Brief: Print the records below exactly, from the line containing "哈珀新秀季后赛表现惊艳200分80篮板20抢断成历史第四人" down to the line containing "Glücksorte in und", both lines included, and omit every picture.

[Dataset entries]
►

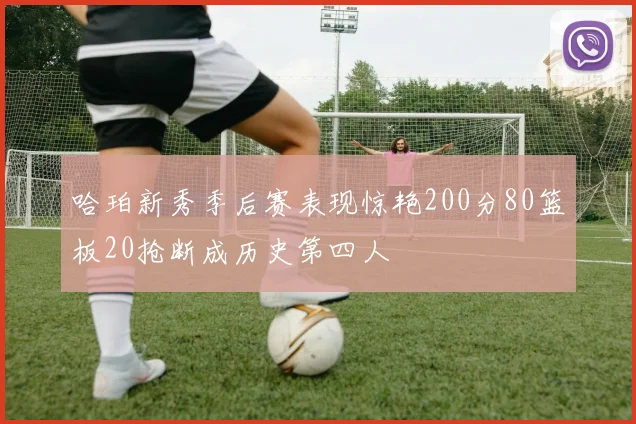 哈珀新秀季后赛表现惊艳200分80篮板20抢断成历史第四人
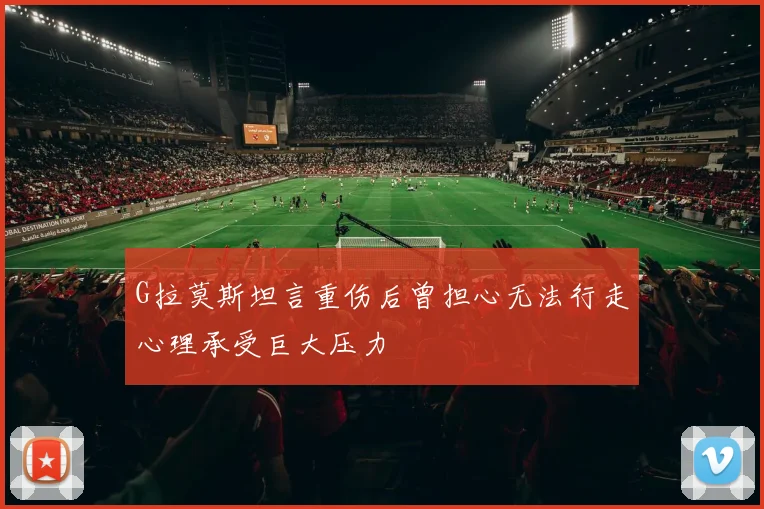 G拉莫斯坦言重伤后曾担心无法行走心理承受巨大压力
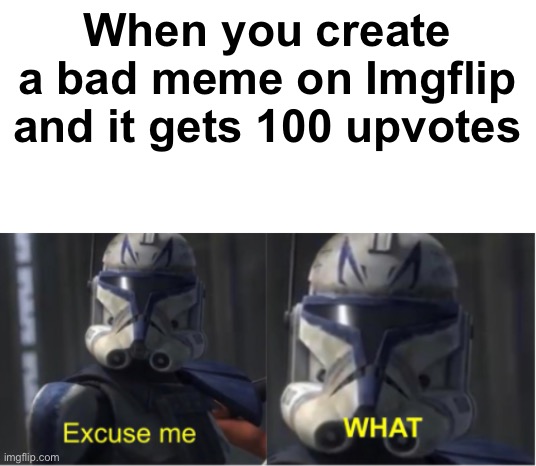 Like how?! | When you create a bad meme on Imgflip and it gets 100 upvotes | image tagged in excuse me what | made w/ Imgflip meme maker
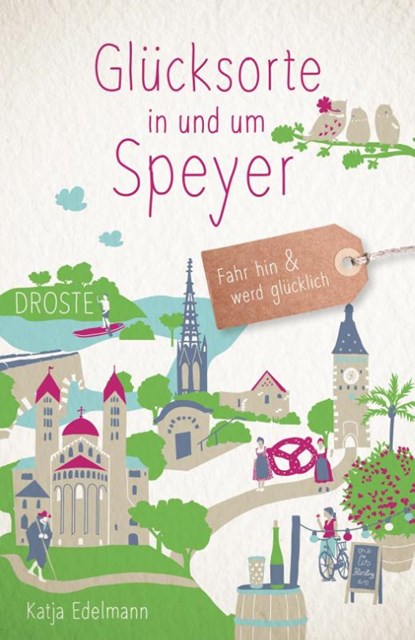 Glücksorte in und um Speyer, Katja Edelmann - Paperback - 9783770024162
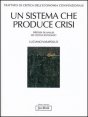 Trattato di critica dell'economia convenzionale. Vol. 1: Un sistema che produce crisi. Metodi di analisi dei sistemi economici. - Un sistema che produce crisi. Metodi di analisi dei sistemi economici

◄
►

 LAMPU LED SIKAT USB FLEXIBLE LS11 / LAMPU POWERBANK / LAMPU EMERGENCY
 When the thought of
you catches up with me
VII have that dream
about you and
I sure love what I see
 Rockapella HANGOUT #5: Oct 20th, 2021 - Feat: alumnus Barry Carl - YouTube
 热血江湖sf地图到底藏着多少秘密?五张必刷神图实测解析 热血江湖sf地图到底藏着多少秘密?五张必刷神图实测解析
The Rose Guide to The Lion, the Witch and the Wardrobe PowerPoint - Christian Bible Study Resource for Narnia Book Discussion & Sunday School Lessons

◄
►

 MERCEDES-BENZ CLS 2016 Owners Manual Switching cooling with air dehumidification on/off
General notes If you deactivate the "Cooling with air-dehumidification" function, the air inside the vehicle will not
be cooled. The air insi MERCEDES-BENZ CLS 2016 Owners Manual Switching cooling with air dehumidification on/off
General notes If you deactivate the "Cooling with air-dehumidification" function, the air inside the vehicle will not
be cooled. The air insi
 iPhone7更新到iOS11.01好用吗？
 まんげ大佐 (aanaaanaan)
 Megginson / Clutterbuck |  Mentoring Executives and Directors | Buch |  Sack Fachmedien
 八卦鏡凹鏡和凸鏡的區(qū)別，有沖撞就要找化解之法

◄

Written solution:
 哈珀新秀季后赛表现惊艳200分80篮板20抢断成历史第四人
 G拉莫斯坦言重伤后曾担心无法行走心理承受巨大压力
 Like how?! | When you create a bad meme on Imgflip and it gets 100 upvotes | image tagged in excuse me what | made w/ Imgflip meme maker
 Glücksorte in und um Speyer, Katja Edelmann - Paperback - 9783770024162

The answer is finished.